Linn Klimax Kontrol preamplifier & Klimax Twin power amplifier

I've spent six-odd years in a sort of hi-fi counterculture, playing with things like mono cartridges, one-box CD players, and cheap, homemade cables—and, of course, owning and listening to single-ended triode (SET) amplifiers and horn loudspeakers. But before all that, I owned components that, while more mainstream, did the job just as well in certain ways.
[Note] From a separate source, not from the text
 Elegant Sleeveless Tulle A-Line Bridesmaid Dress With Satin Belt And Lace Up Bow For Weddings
That category included solid-state electronics (Naim, BEL, Spectral), dynamic loudspeakers of middling efficiency (ProAc, Epos, Magneplanar), electrostatic loudspeakers of very low efficiency (Stax), and even "high-end" accessories like Tiptoes and Shun Mook Mpingo discs (which I still have, although my five-year-old daughter has more or less permanently co-opted the latter for playtime use).
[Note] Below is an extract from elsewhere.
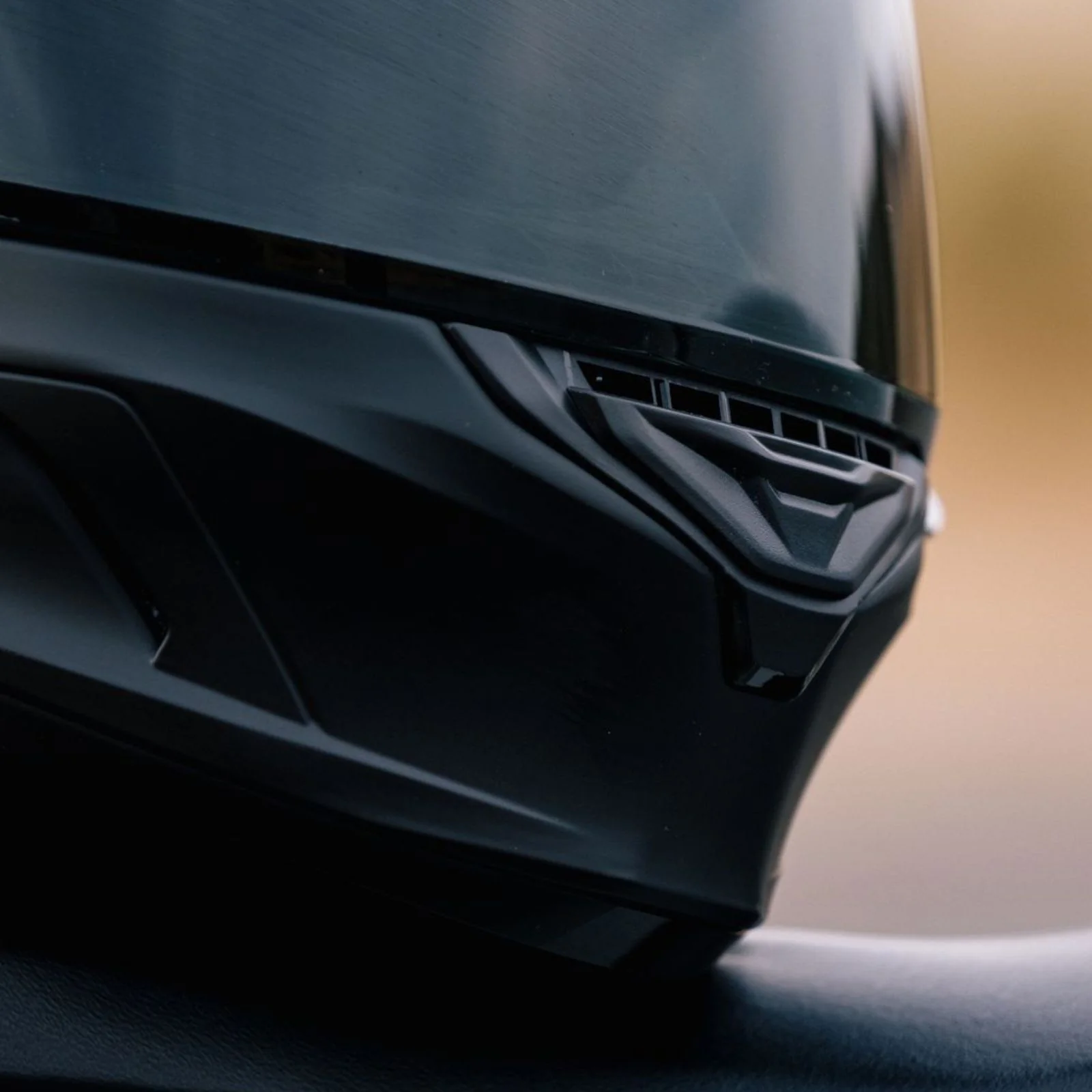 HJC i11 Helmet - Image 7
If you SET enthusiasts have the feeling that I'm setting you up for a bit of distressing news, like the veterinarian who calls to tell you how happy Skippy looked just before he slipped his leash, you're right. As I write this, I haven't listened to my horn-loaded Lowthers in a month, because I've been having too much fun listening to the Quad ESL-989 loudspeakers I wrote about in the May issue (Follow-Up, p.109), driven by a high-power, high-tech solid-state amplification system from Linn.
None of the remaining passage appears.